I recently read in a blog post (somewhere I can’t remember right now) about an health care system that had started instituting Patient Health Care Goals.  Like, YOUR goals, not your doctors goals.

This strikes me as an innovation that should be obvious and yet is not.  If you car to get fixed, you go to a mechanic, he tells you all the things that are wrong with the car, and you decide what to fix based on your goals for the car, it’s value, how much you’re willing to spend, etc.  If you go to your primary care doctor and tell him you want to get fixed, he/she will come back with a whole list of things that are wrong with you and then it’s HIS responsibility, legally and financially, to make sure you fix ALL of them, regardless of whether you want to, regardless of whether it fits with your lifestyle and values, how much you’re willing to invest, etc.  In fact, if your doctor finds something wrong and doesn’t attempt to fix it he gets dinged in the pocketbook and in “quality” care metrics.  If your mechanic says you need a new muffler but you don’t want one, nobody calls up the mechanic and tell him he’s not delivering quality care to your car.

In another example, over the weekend the New York Times had an article on a patient who had a terminal illness who’s goal was to make it to an landmark life event.  HIS goal.

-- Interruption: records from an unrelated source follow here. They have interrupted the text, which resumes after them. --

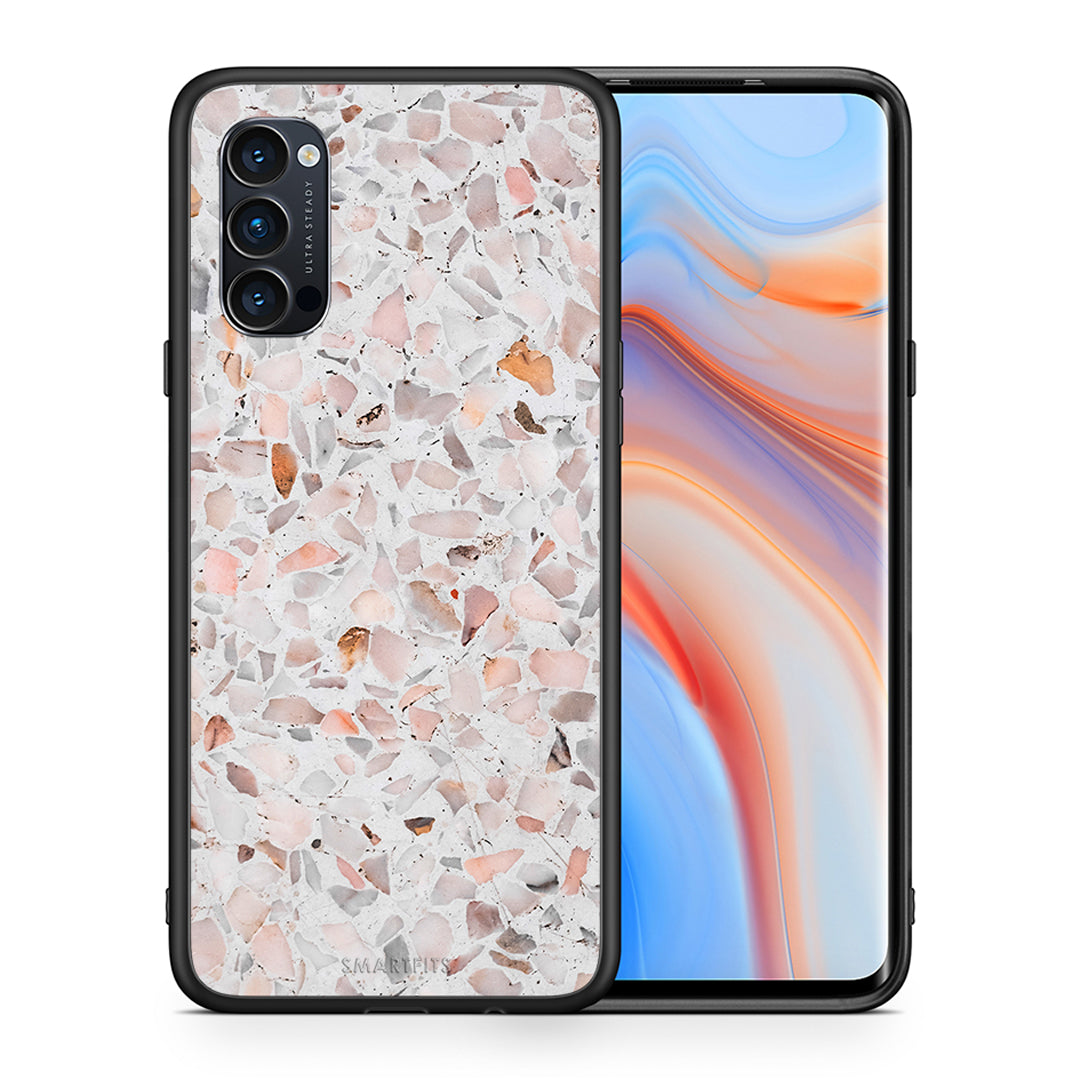 Θήκη Oppo Reno4 Pro 5G Marble Terrazzo από τη Smartfits με σχέδιο στο πίσω μέρος και μαύρο περίβλημα | Oppo Reno4 Pro 5G Marble Terrazzo case with colorful back and black bezels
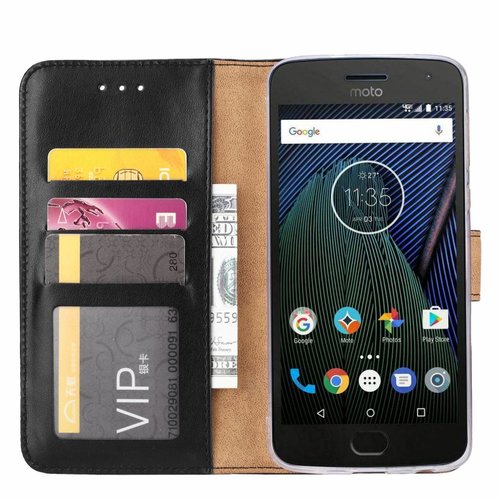 Bookcase Motorola Moto G6 Plus hoesje - Zwart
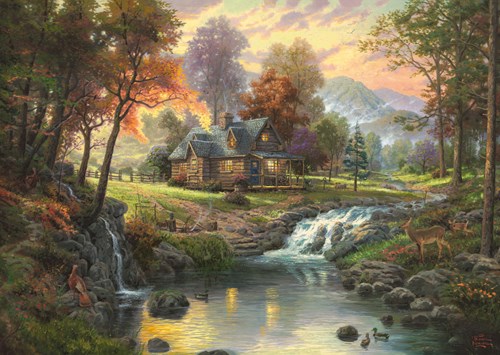 Schmidt puzzle Mountain Retreat - 1000 pezzi - paesaggio Thomas Kinkade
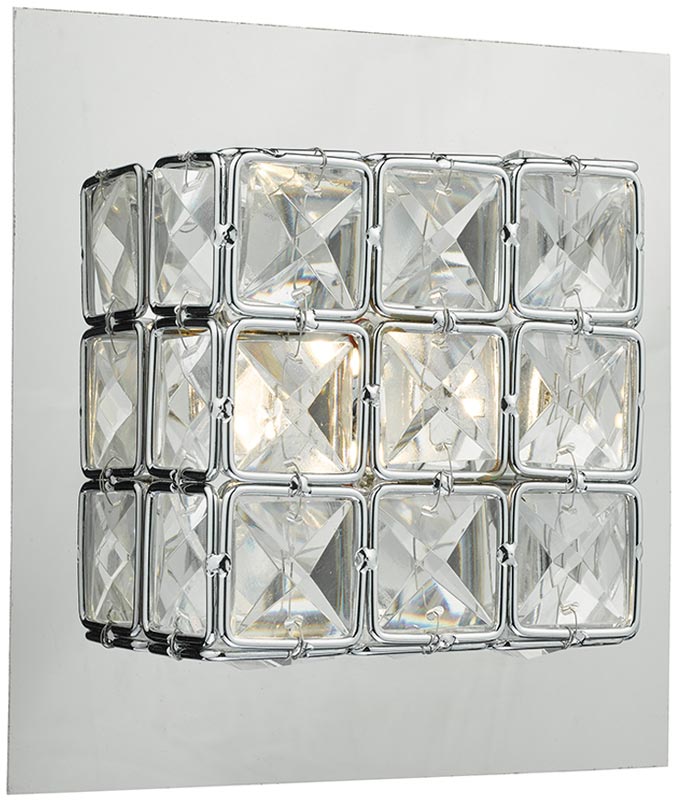 Dar Imogen Chrome Switched LED Wall Light With Crystal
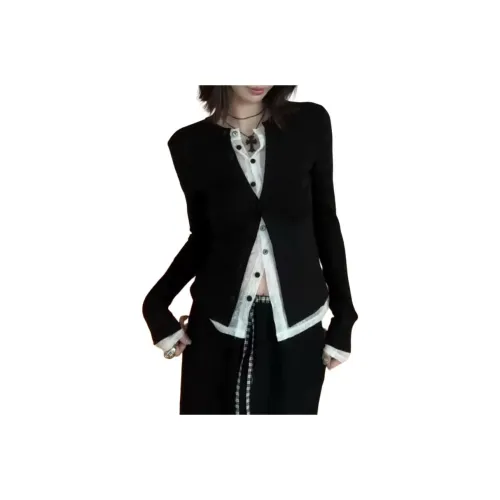 Amyway Черный Mock Двухкомпонентные Женские T-рубашки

The point is that doctors are trained to fix stuff, and they don’t feel like they’ve done a good job unless everything gets fixed.  But maybe you don’t want to be fixed or think nothings broken. Or you’d like to be fixed but the price is too high or the sacrifice too great. OK.  In our current system, however, you’re not wanting to get better reflects badly on the doctor unfortunately.  Set your own health goals.  Tell your doctor what they are, ask him to help you meet them.  Her goals are unlikely to be exactly the same as yours.  The doctor might want you to cut down on sugar so your blood sugar levels will be more normal.  Your goal might be to enjoy your daughter’s 40th birthday cake.  Fine.  Eat the cake and find a way to cut back in some other way.

Or eat the cake and say to hell with you, doctor.  You can do that too.  It’s not the doctors job to fix you. It’s yours.  Patients tend to secede responsibility for their health to the doctor.  “Doctor, you make me better.”   Well, yes, but you have to do your part too.  Set your own health goals.  You’re much more likely to reach them.